Rückpass Kaiserslautern: Wieder nix

Mal wieder bewegt sich der Notenschnitt der Borussia im Rahmen einer glatten Fünf – sowohl beim Kicker als auch hier. Es hakt in allen Mannschaftsteilen.

Christofer Heimeroth (Kicker-Note 3,5): Auch in seinem zweiten Spiel als Bailly-Ersatz traf Heimeroth keine Schuld bei den Gegentoren. Tifferts Sonntagsschuss ist sicherlich schon von irgendeinem Torhüter auf diesem Planeten gehalten wurden. Heimeroth aber muss sich da keinerlei Vorwürfe gefallen lassen. Beim 0:2 und 0:3 war er ebenso machtlos, hatte in Hälfte eins zwei gute Paraden. Einmal unterschätzte er einen Freistoß von Tiffert, als Herrmann den Ball gegen die Latte lenkte, stimmte die Abstimmung nicht ganz – unterm Strich eine gerechtfertigte 3,5.

Tobias Levels (Kicker-Note 4,5): Seit Wochen mit der gesamten Viererkette im Sinkflug. Die Akzente, die er nach vorne setzt, werden immer rarer. Und Einsatz allein ist zwar eine gute Basis, lässt die Waage bei all den individuellen Fehlern aber eher zu Levels‘ Ungunsten ausschlagen. In dieser Verfassung geht es ihm die Bundesligatauglichkeit ab. Bei Bugeras Pass auch Nemec war Levels gar nicht in der Nähe, Anderson sah schließlich noch schlechter aus. Eine 5 ist da auch mal in Ordnung – weil der Gesamteindruck eben nicht stimmt.

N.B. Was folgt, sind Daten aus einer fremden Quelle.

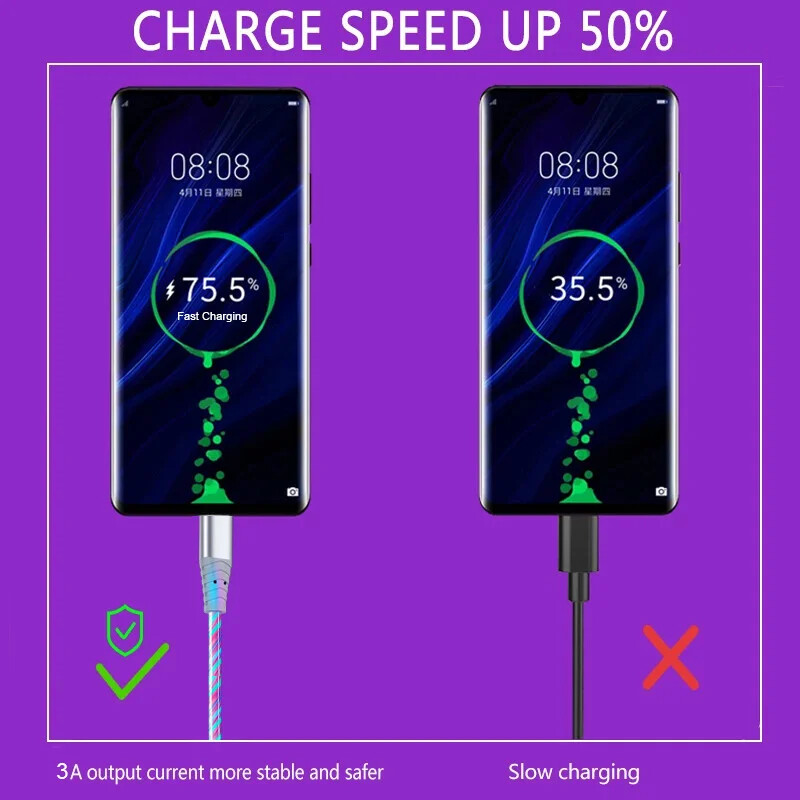 Flow Luminous USB Type C Cable 3A Fast Charging Data Cord for Samsung Xiaomi OPP gallery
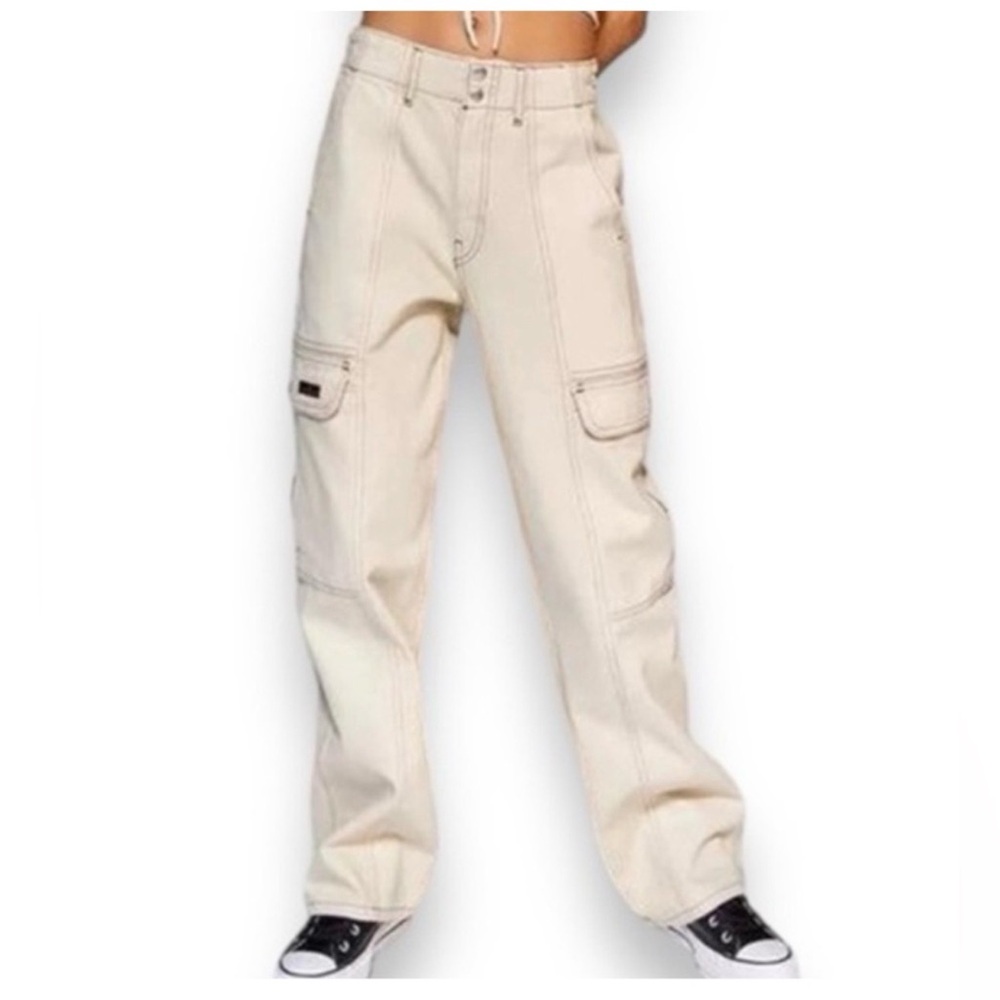 BDG Cream Straight-Leg Cargo Jeans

Anderson (Kicker-Note 5,5): Der richtig schwachen Partie gegen Hoffenheim folgte einer seiner soliden Auftritte gegen Leverkusen. In Kaiserslautern war Anderson dann wieder häufig indisponiert. Ganz schlecht sah er vor dem 0:2 aus, als er die Orientierung verlor und Nemec in seinem Rücken entwischte. Somit häufen sich nun auch beim Brasilianer die krassen Fehler, die zu Gegentoren führen. Ihm fehlt die Souveränität in den Zweikämpfen, was wohl damit zu erklären ist, dass es um sein Selbstvertrauen nicht allzu gut bestellt sein dürfte. Das ist zwar verständlich, wird den Ansprüchen aber genauso wenig gerecht wie bei seinen Kollegen. Anderson braucht schleunigst einen stabilen Partner wie Dante – dann dürften Leistungen im Rahmen einer 5,5 auch der Vergangenheit angehören.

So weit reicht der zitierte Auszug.